Christchurch photographer Ann Bastion has become only the second New Zealander ever to achieve Master status with a global organization representing national photography associations around the world
A passion for the botanical has inspired Ann Bastion throughout her life, from picking flowers on the way to school as a child through to floral subjects comprising the portfolio that recently netted her the rank of Master with the International Federation of Photographic Art (FIAP).
The application alone for this title is a large task: a collection of 20 photos must be submitted — at the applicant’s own cost. These are judged both as individual images and as a set in terms of inspiration, concept flow, and presentation. The Master award is a rare honour, and the organization has bestowed it upon only one other Kiwi photographer, Gary Speer in 2004. Looking at Ann’s beautiful botanical images, it is not hard to see why she made the cut.
“The inspiration for this came from a book of botanical drawings my grandmother had,” the photographer explains. “I wanted to create, with my camera, what the artist had created with his brush and paints. It took a year to plan and gather all the images I needed to present the evolving stages of life and death of plants.”
Relatively new to photography, Ann bought her first DSLR in 2010, but she has never been a stranger to creativity; she has worked in the fashion industry and is also a watercolour painter. Involved in both the Christchurch Photographic Society and the national Photographic Society of New Zealand (PSNZ), Ann quickly racked up many awards, including the Fellowship rank from PSNZ and FIAP’s Artiste and Excellence distinctions.
However, it is not the accolades that attract Ann to participate in these organizations as much as the opportunity to meet and share ideas with people from all around the world who are interested in photography.
“Also,” the generous photographer says, “to help other photographers grow their skills and sense of achievement, to help them get in touch with the creative feeling side of their minds, and to help give them a sense of fulfilment like I got from my journey in photography and the wonderful people who have helped me along the way.”

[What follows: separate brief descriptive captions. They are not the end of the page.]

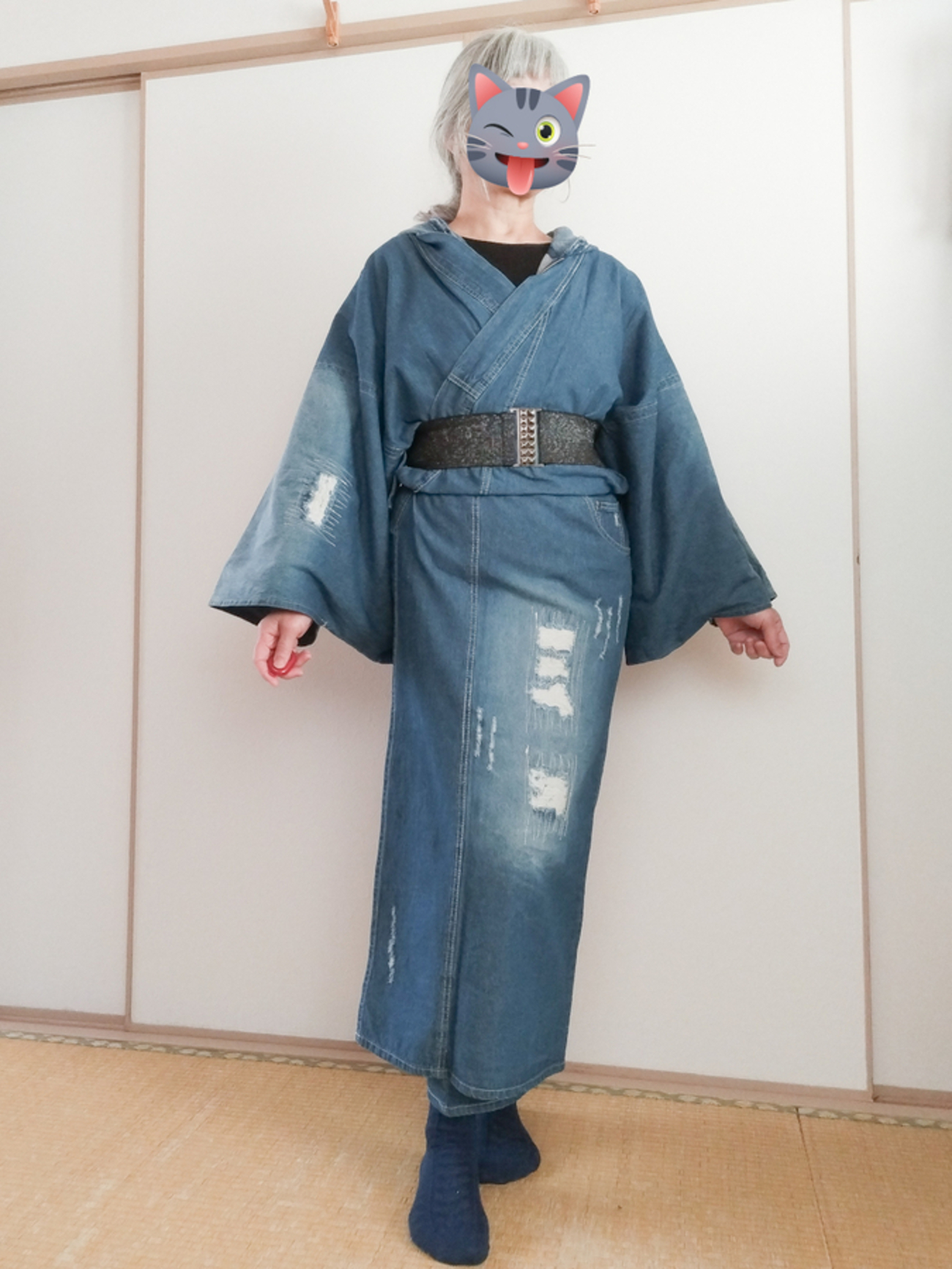 ぬるま湯洗いしたメンズのデニム着物とデニムパーカで洋ミックス 三つ 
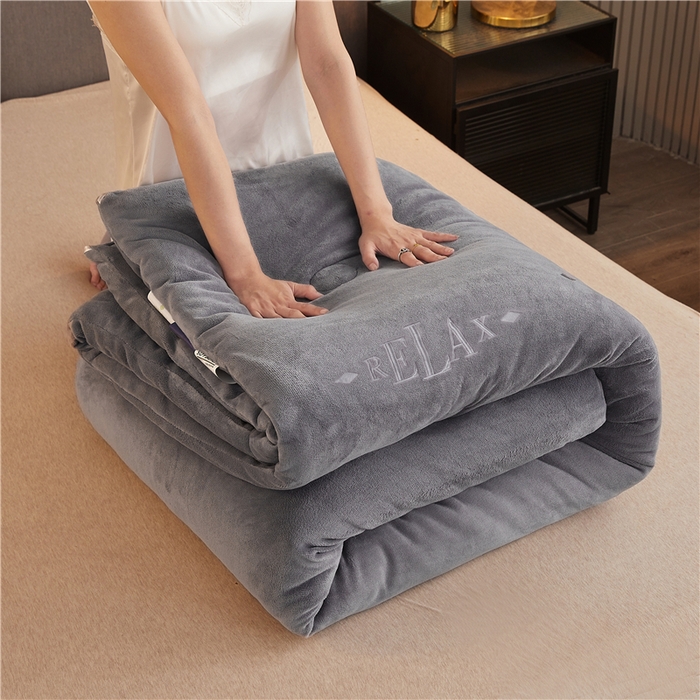 91家纺网 家纺一手货源 找家纺 美梦里 2025新款A类大豆纤维双面刺绣牛奶绒冬被芯春秋被子 气质灰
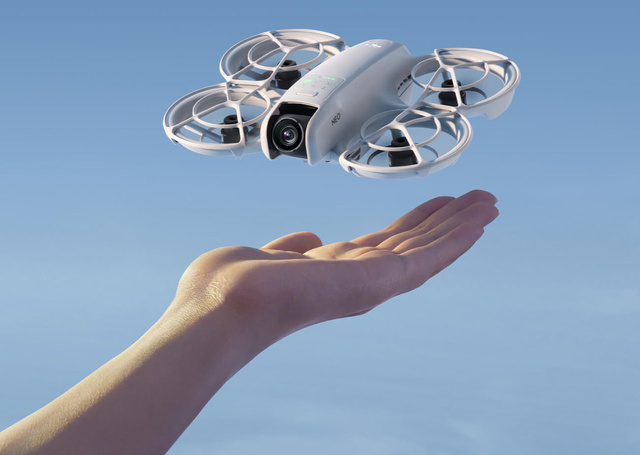 DJI Neo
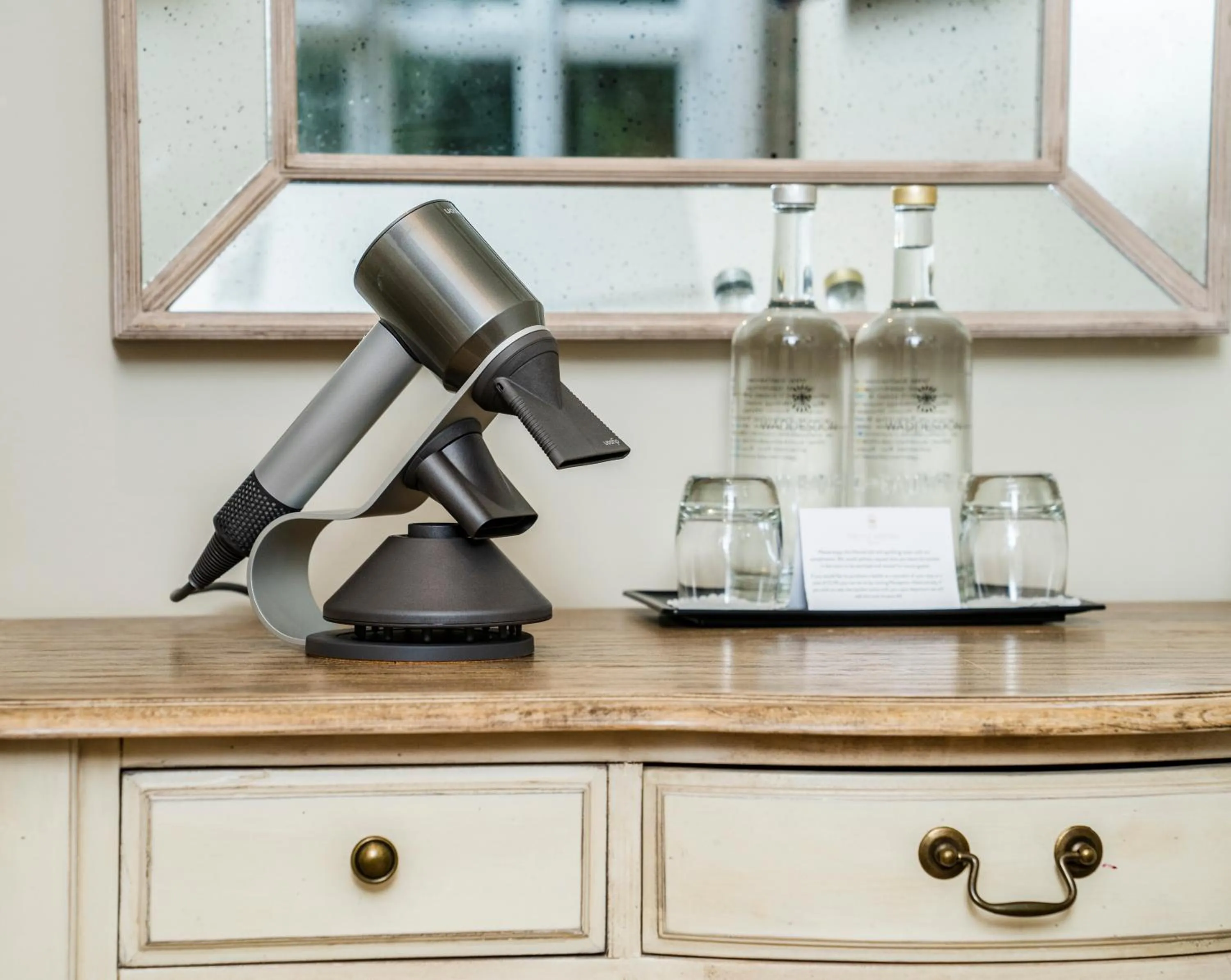 Shower in The Five Arrows Hotel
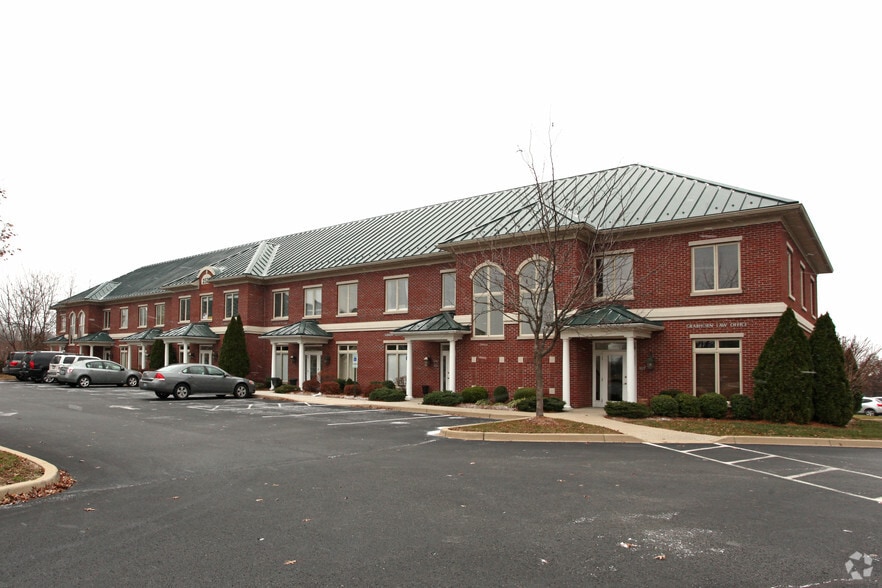 2527 Nelson Miller Pky, Louisville, KY à louer - Photo du bâtiment - Image 2 de 9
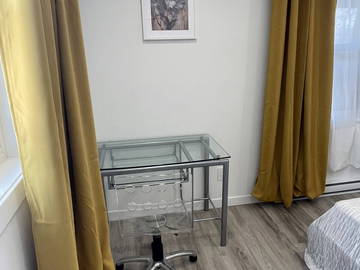 Entire home for rent in Longueuil - photo 7 : Bedroom-7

While botanical imagery earned Ann the Master title, she is interested in all styles of photography — but it is macro shooting that truly has her heart.
“Macro takes me into another world where I can lose myself in observing the intricacies and symmetries of the flower that the eye so often just glances over. It evokes in me a sense of peace and wonderment. I want to capture some of what I am seeing and feeling and present it in such a way that others can share in the moment as well,” she says.
Unpretentious in the face of her achievements, the photographer advises those starting out in the art not to feel discouraged if they do not have access to flash gear.
“I can remember my first field trip when I turned up with my little point-and-shoot while everybody had SLR cameras with huge lenses,” she shares. “I felt completely inadequate but learnt a lot regardless.
“Shoot what you see, what compels you to photograph it, what stirs you. Join a club and don’t be afraid to ask for help — most members are only too pleased to help fellow members and there are guidance and tutorials available at all levels.”
Having scooped such a high distinction, the photographer says that she is content for now to work within the photographic community, helping others to advance their own craft. But keep a watch on the results of forthcoming international salons, as it would be no surprise to see her name amid the accolades again in the near future.